Thursday, September 25, 2003

Barnes Foundation.

One of my unfulfilled dreams has been to visit The Barnes Foundation. Tickets are very hard to get.
But it seems that things will change, according to today's NYTimes Editorial :

"Help is at hand - poetically enough, in a Pennsylvania orphans' court -” for the Barnes Foundation, the hideaway outside Philadelphia that houses one of the world's most highly prized but secluded art collections.

More than 300 Cezannes, Renoirs and Matisses glow pricelessly in the foundation's grand and remote treasure palace, created by Dr. Albert Barnes. A voracious, idiosyncratic collector who began his Impressionist and Post-Impressionist trove 80 years ago, Dr. Barnes had a vision of inspiring the common man with great art. But he housed the collection in an inaccessible estate and when he died, he locked it up with a will that forbade selling or moving any of the 2,000 pieces. His $10 million legacy spent, the foundation's trustees, appointed by the board of Lincoln University, a historically black institution, have been reduced to fighting bankruptcy and litigation.

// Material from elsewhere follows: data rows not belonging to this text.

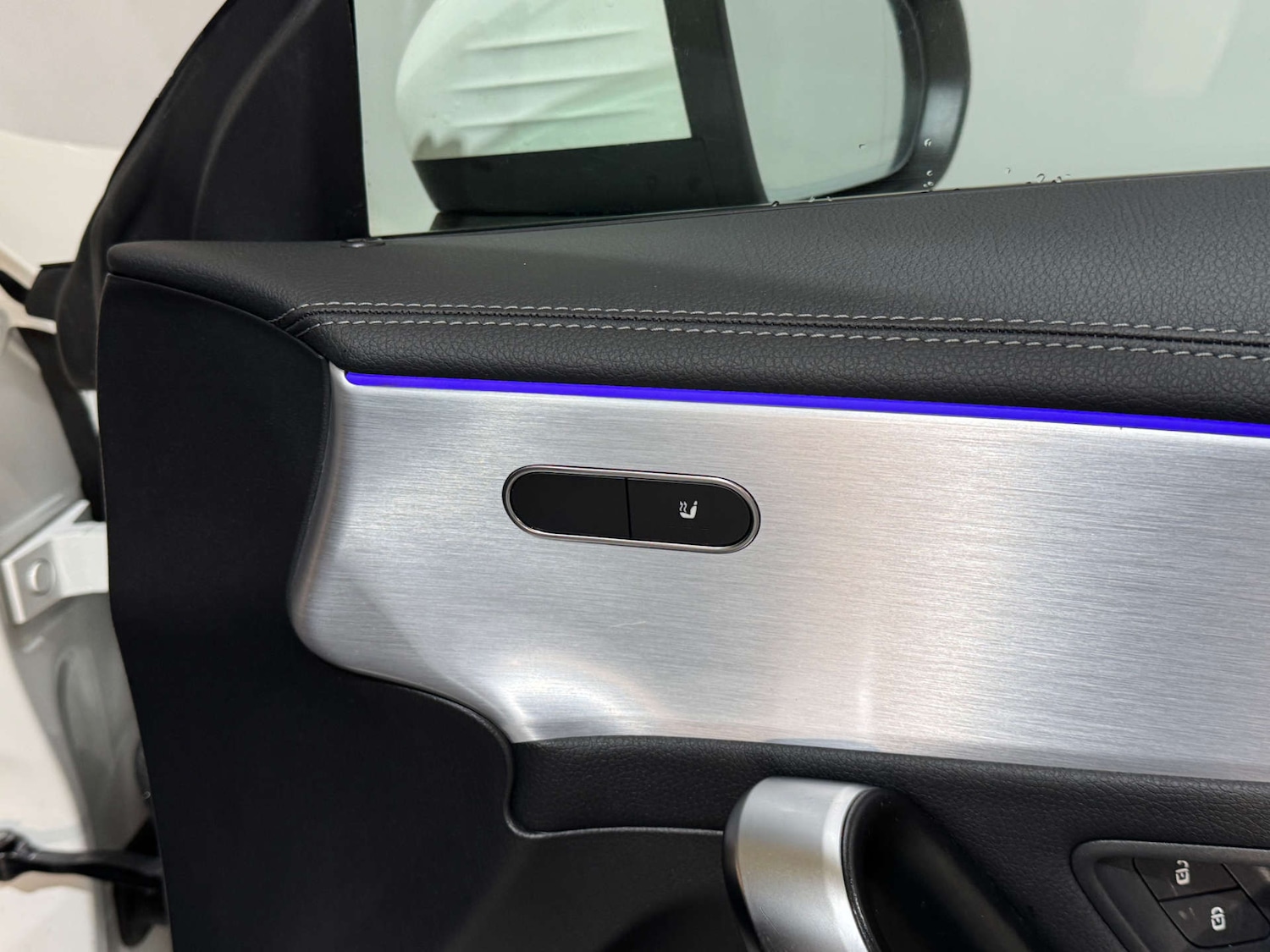 Used Mercedes-Benz CLA 2021 for sale - 76056634: Photo 25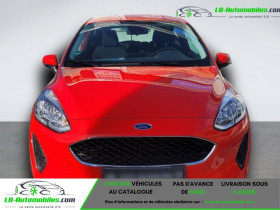 Ford Fiesta 1.1 75 ch BVM  occasion � Beaupuy - photo n�3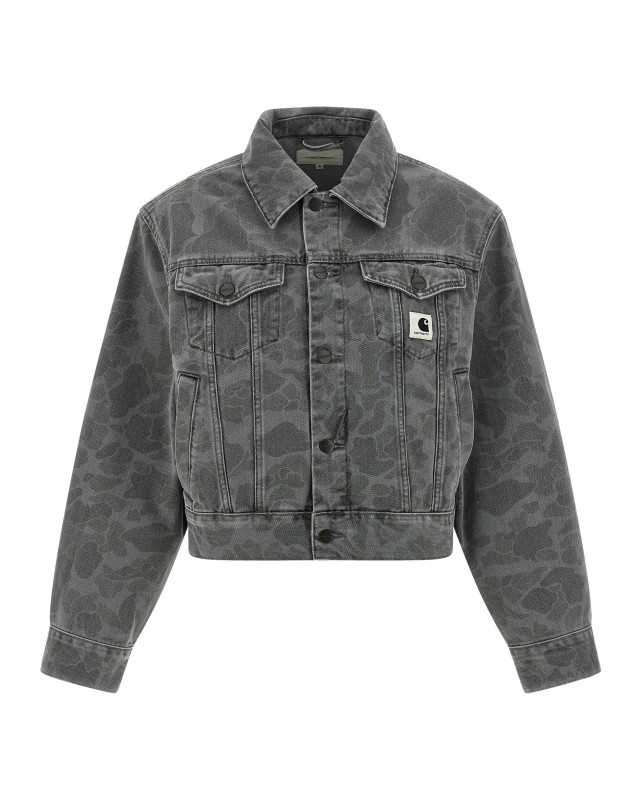 [CARHARTT WIP] Casual Jacket FW25 I0338902I30H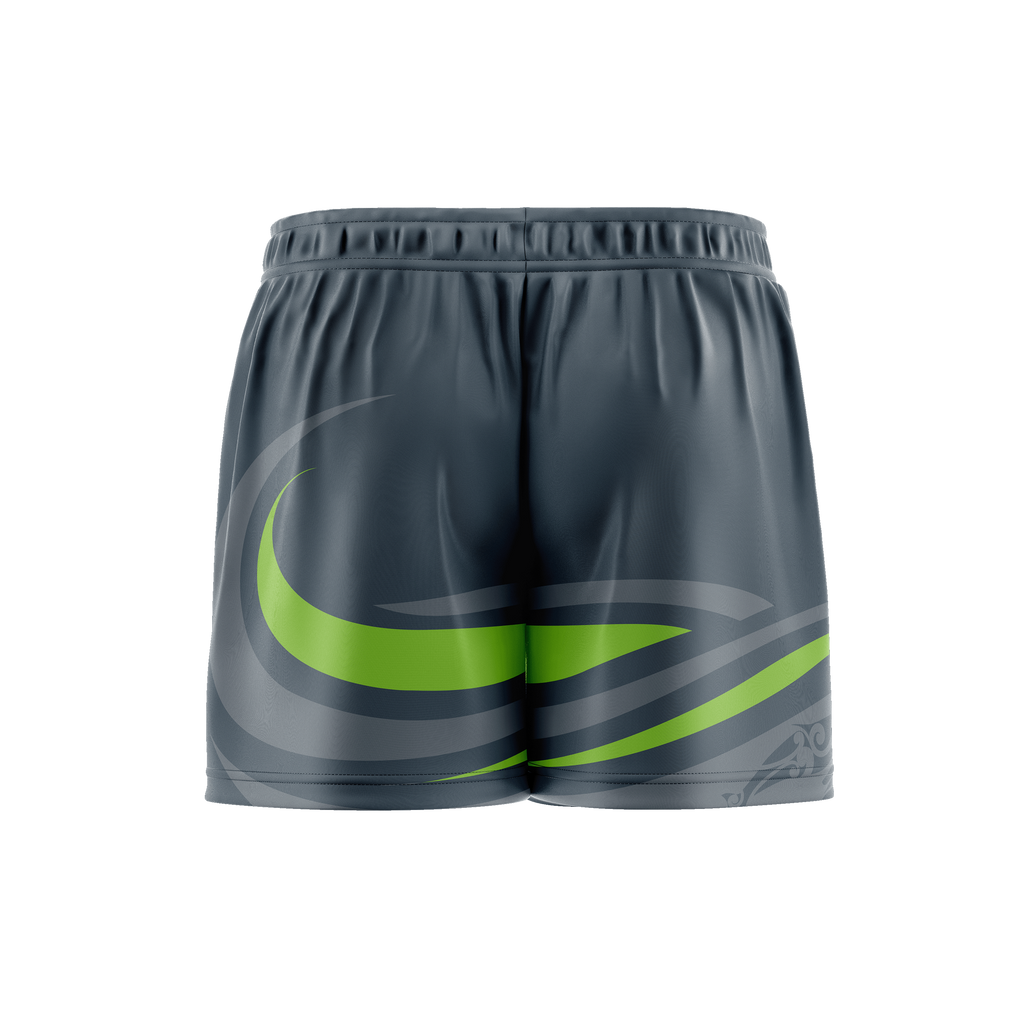 Tauranag Moana Outrigger Canoe Club - Official Shorts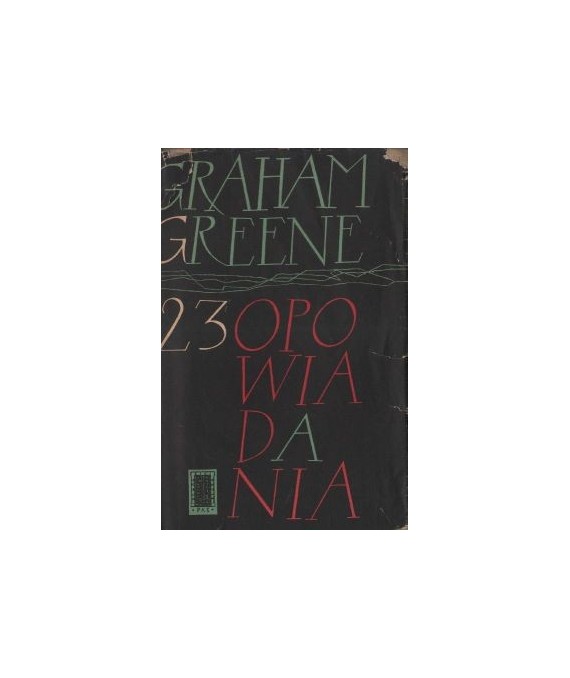 23 opowiadania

A drawn-out, delicate struggle to break Dr. Barnes's will showed little promise until last week, when Lincoln's board agreed to a plan to move the collection to a new museum to be built in downtown Philadelphia. The plan, driven home by Gov. Edward Rendell, offers $150 million in pledges from leading foundations to update the Barnes as a showcase open to far more visitors. It also promises Lincoln closer academic ties to the collection and $50 million in new campus construction."